# What this task involves:
Take the line that contains "Dodge Grand Caravan American Value Pkg" and each line after it to the end of the data below, and set them down exactly, omitting pictures.

# Data to process:
== == ==
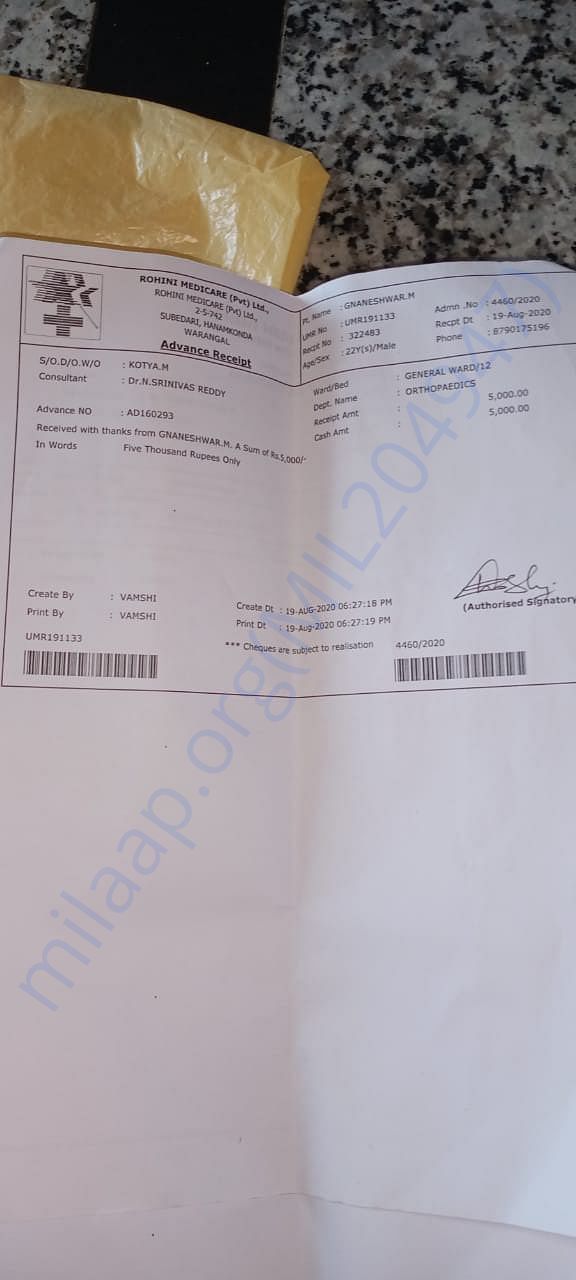documents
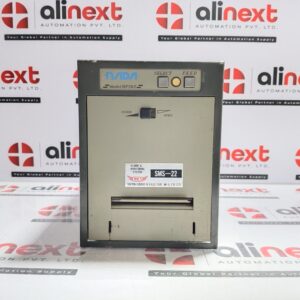 JRCS SMS-22 | MP262 Alarm & Monitoring System SMS-U20F-35K | MP-262-35KRB3F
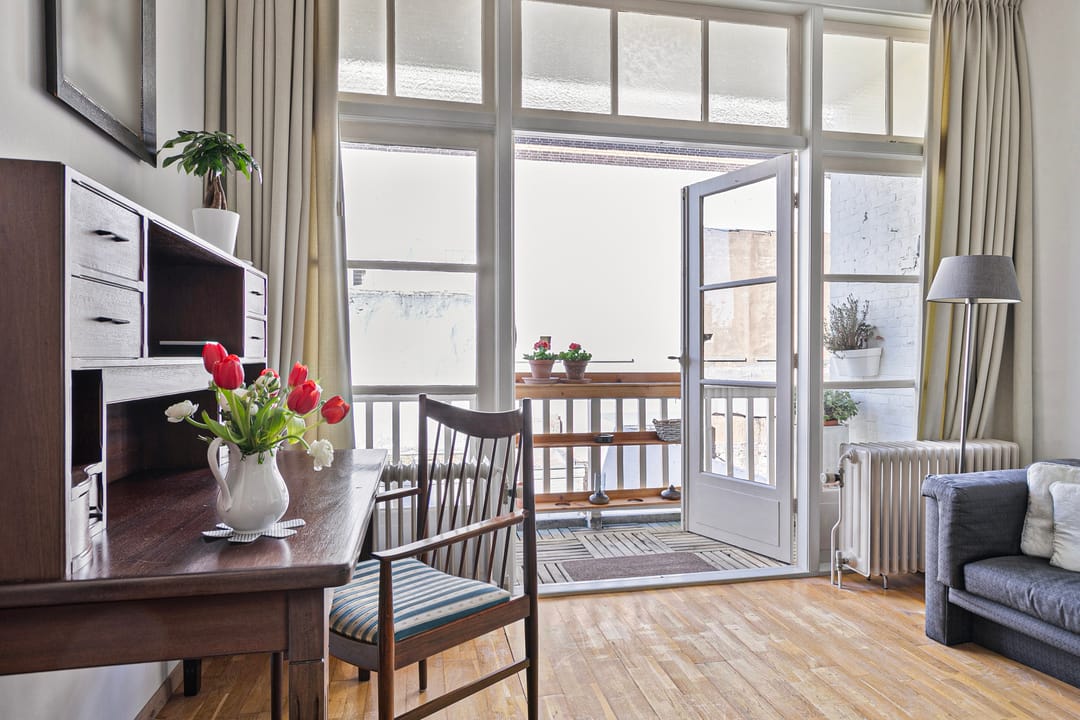 Foto 8 van Laan van Meerdervoort 423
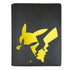 ALBUM 9 BOLSILLOS ELITE SERIES: PIKACHU ZIPPERED PRO-BINDER FOR POKÉMON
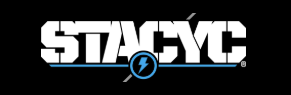 Stacyc - Fork Assembly for 16eDrive
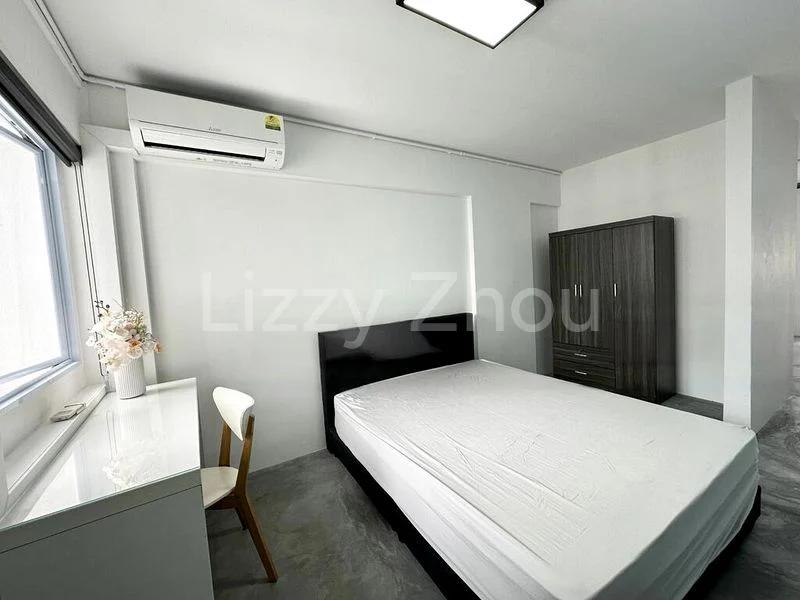 Jumbo HDB for Rent in  661 Yishun Avenue 4 - Image 7
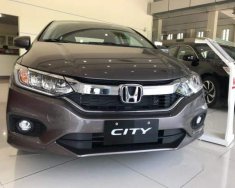 Honda City   Top  2018 - Bán xe Honda City đời 2018 giá tốt giá 599 triệu tại Trà Vinh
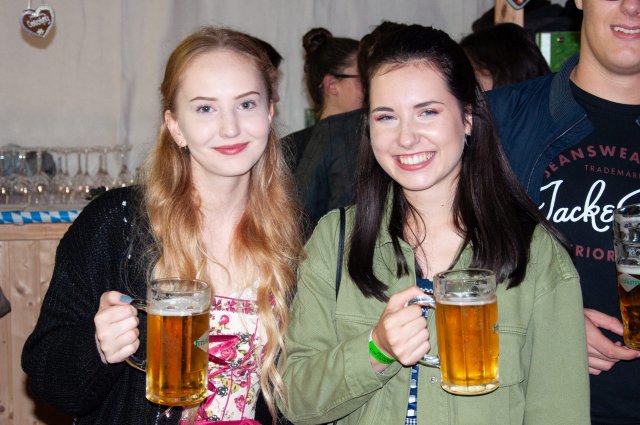 Rückblick Oktoberfest 2019 (Fotograf: Manfred Moßbauer)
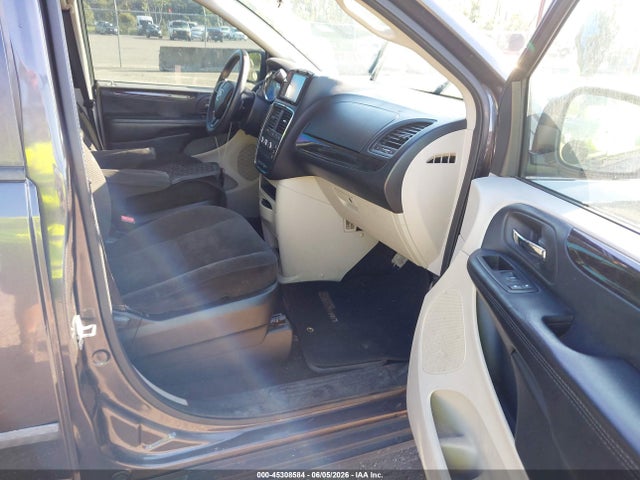 Dodge Grand Caravan American Value Pkg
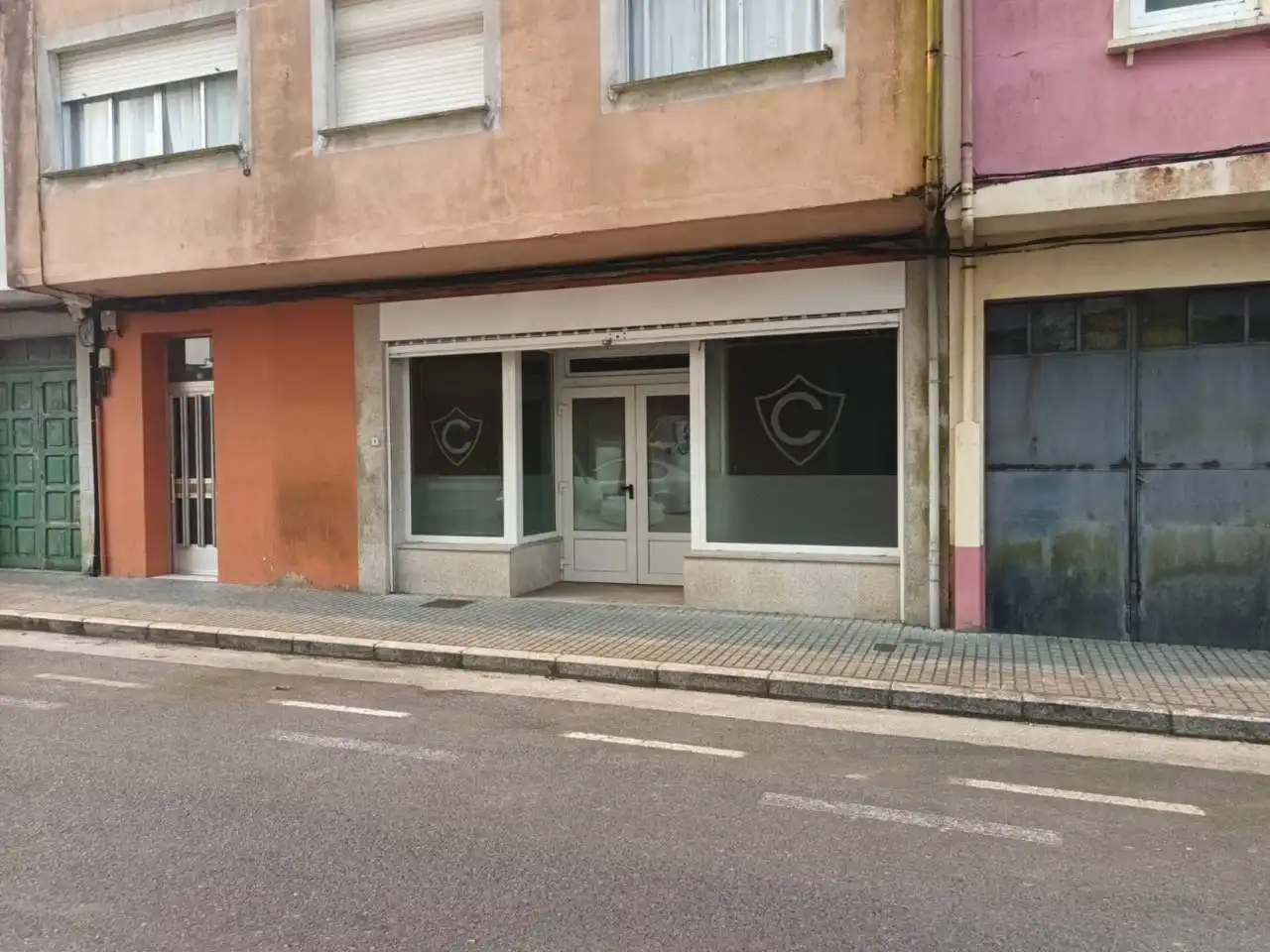 Locale commerciale in affitto a Emilio Martínez Sánchez, imagen 2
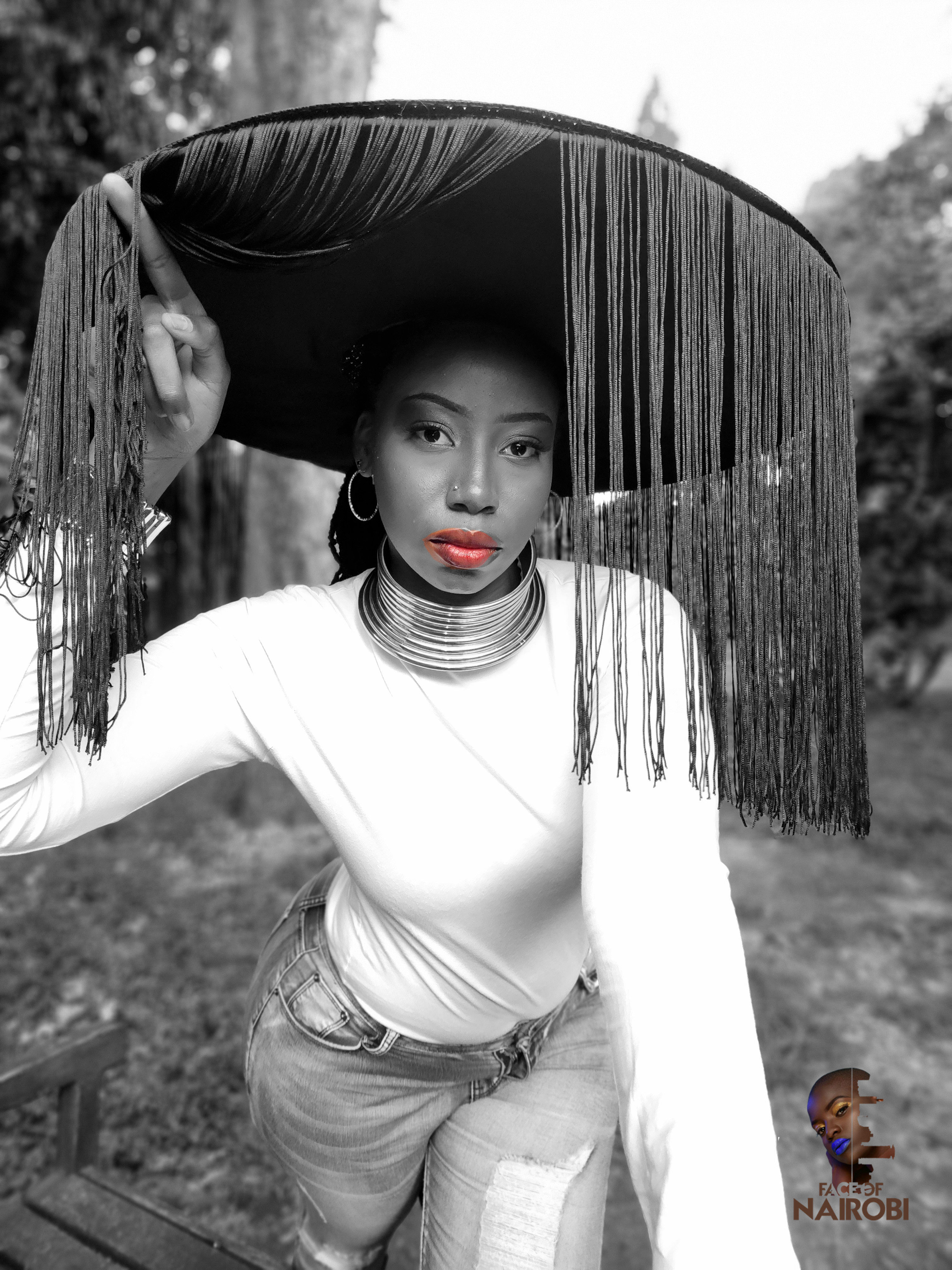Maureen Njoroge — Creative Wear
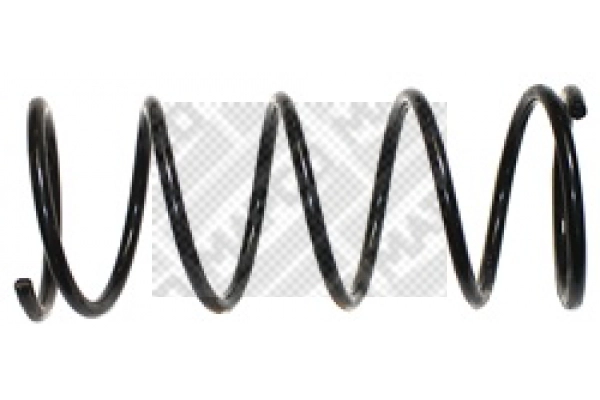 Ressort de suspension MAPCO 70520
== == ==
# Solution to the problem:
 Dodge Grand Caravan American Value Pkg
 Locale commerciale in affitto a Emilio Martínez Sánchez, imagen 2
Maureen Njoroge — Creative Wear
 Ressort de suspension MAPCO 70520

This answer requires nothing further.